[REQUIREMENT]
Each line from the one holding "Modern Linear/Round Floral" to the last line below must be restated word for word, and no picture may be included.

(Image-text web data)
******************************

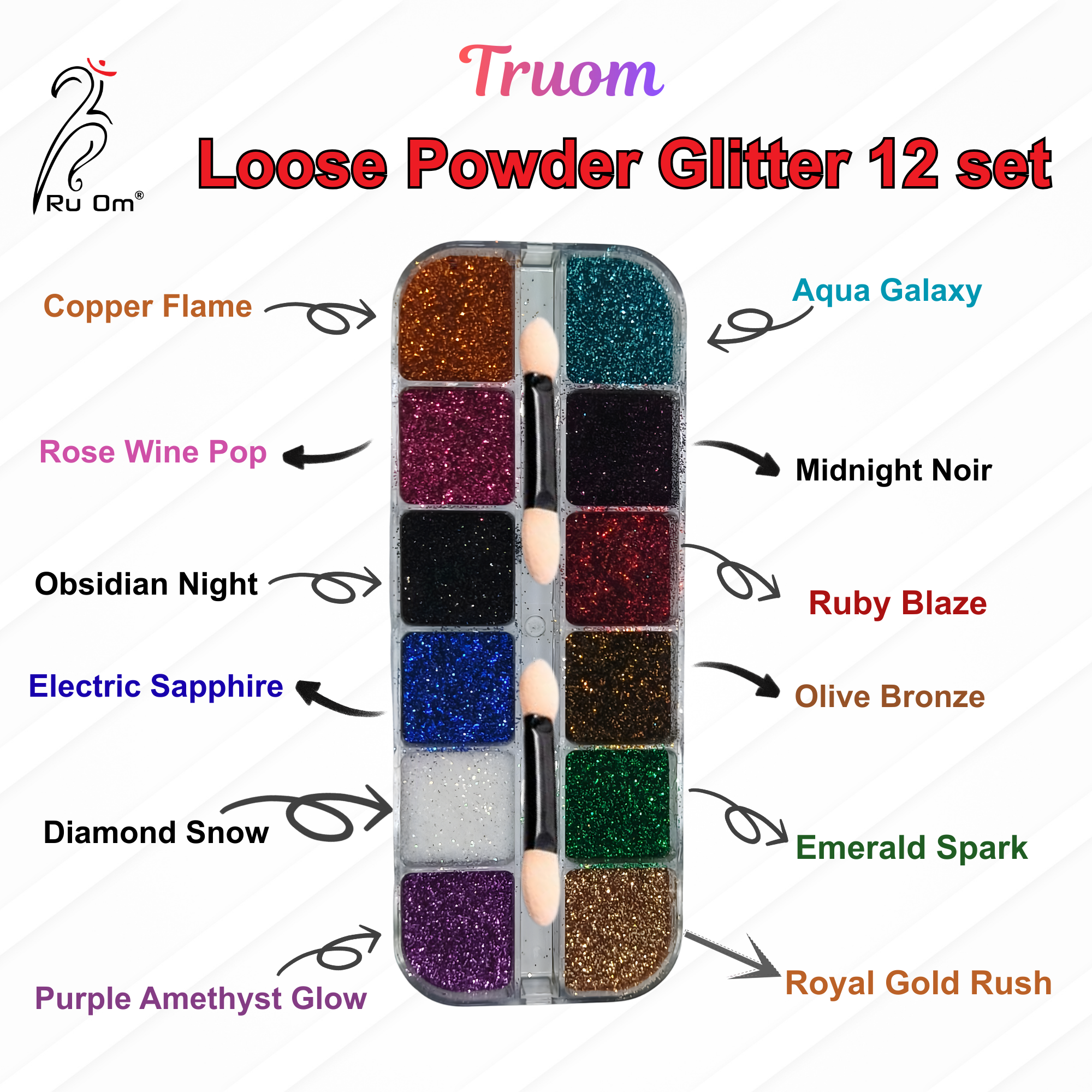 Loose Powder Glitter 12 set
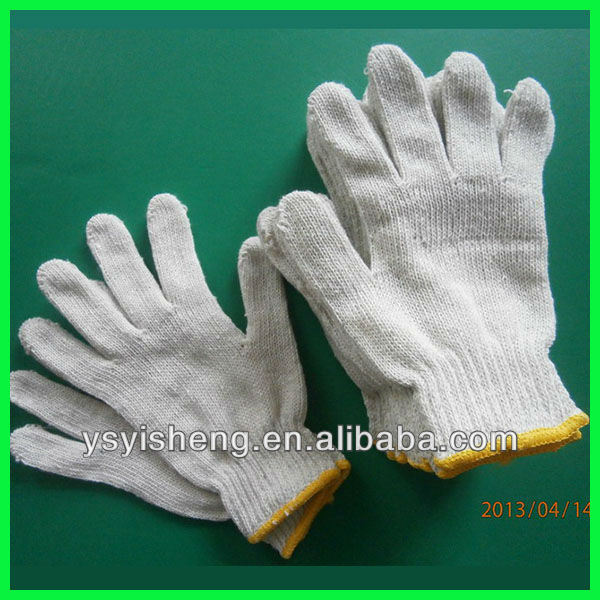 Hot Selling 7gauge 10 Gauge White Color Reflective Knitted Cotton Glove Organic Cotton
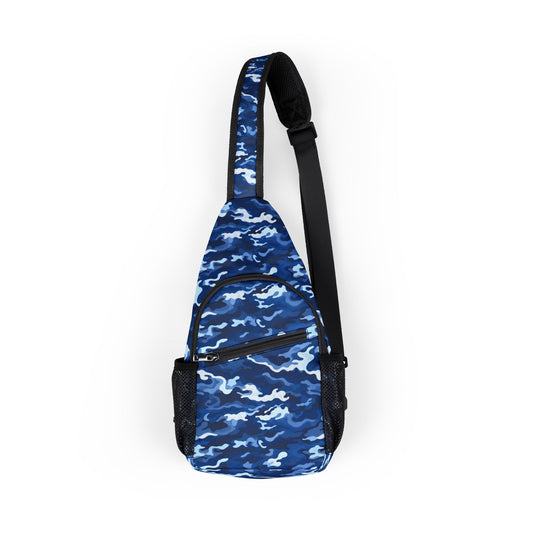 Stylish Blue Camo Chest Bag, Perfect for Outdoor Adventures
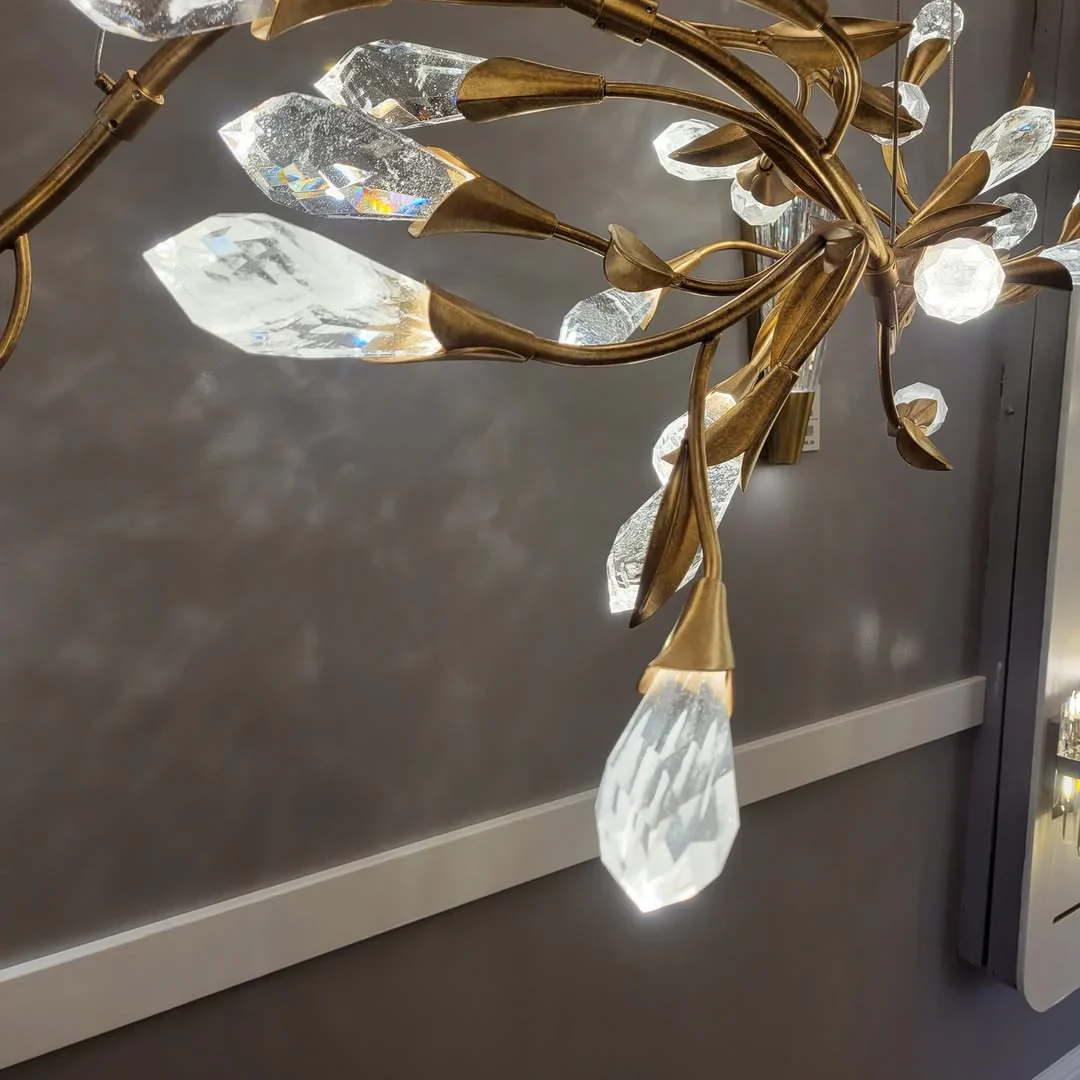 Modern Linear/Round Floral Branches Crystal Chandelier - Image 20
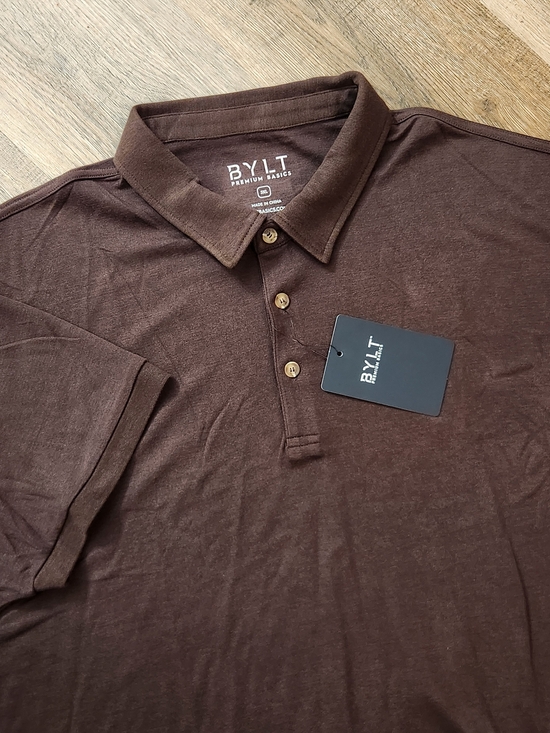 BYLT Basics Other - BYLT NWT Premium Basics Comfort Wool Polo Men's 3XL Big & Tall Brown MTPOL0419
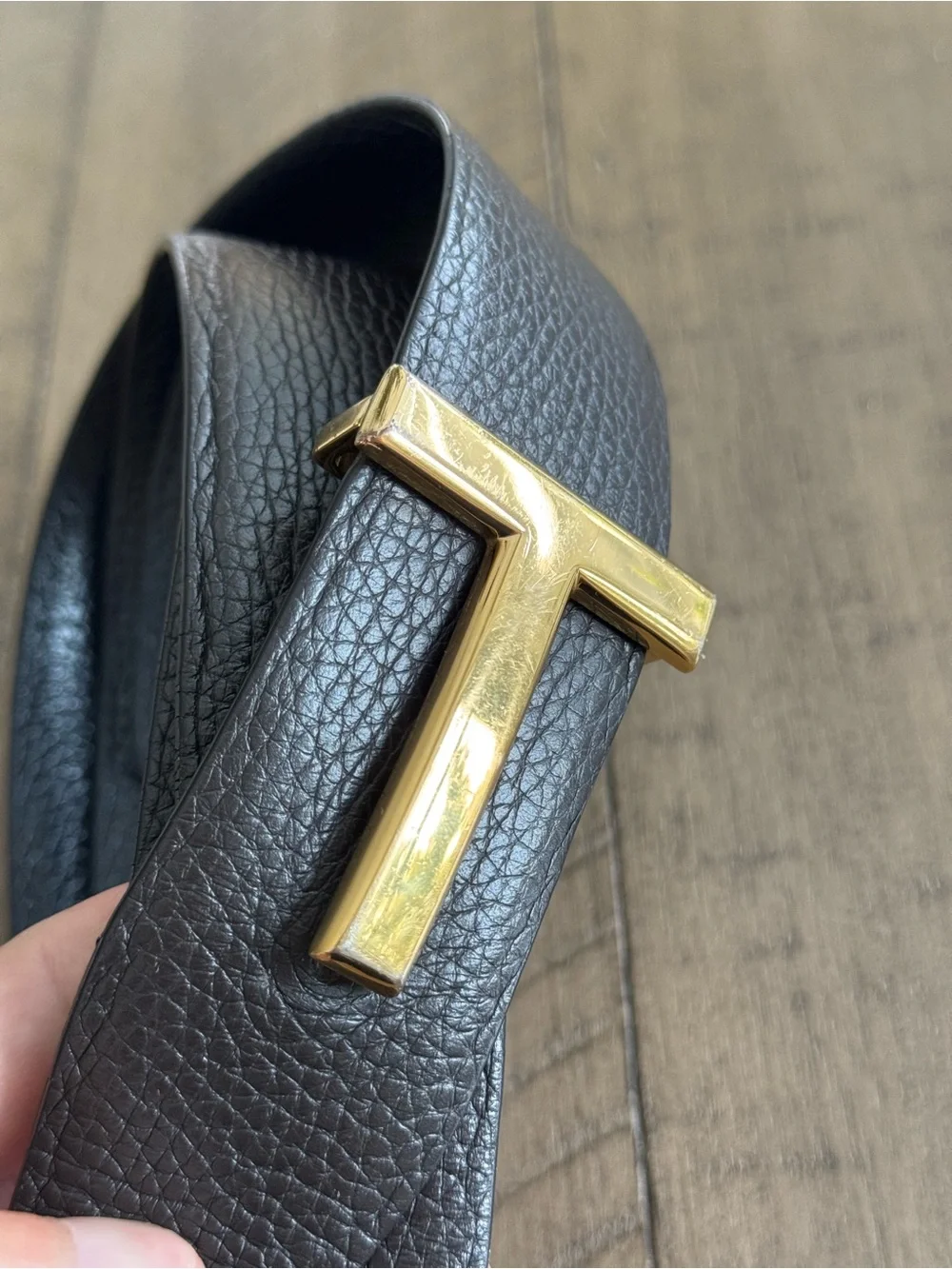 Tom Ford Reversible Leather T-Buckle Logo Black Brown Belt, Size 95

******************************

[SOLUTION TO THIS PROBLEM]
 Modern Linear/Round Floral Branches Crystal Chandelier - Image 20
 BYLT Basics Other - BYLT NWT Premium Basics Comfort Wool Polo Men's 3XL Big & Tall Brown MTPOL0419
 Tom Ford Reversible Leather T-Buckle Logo Black Brown Belt, Size 95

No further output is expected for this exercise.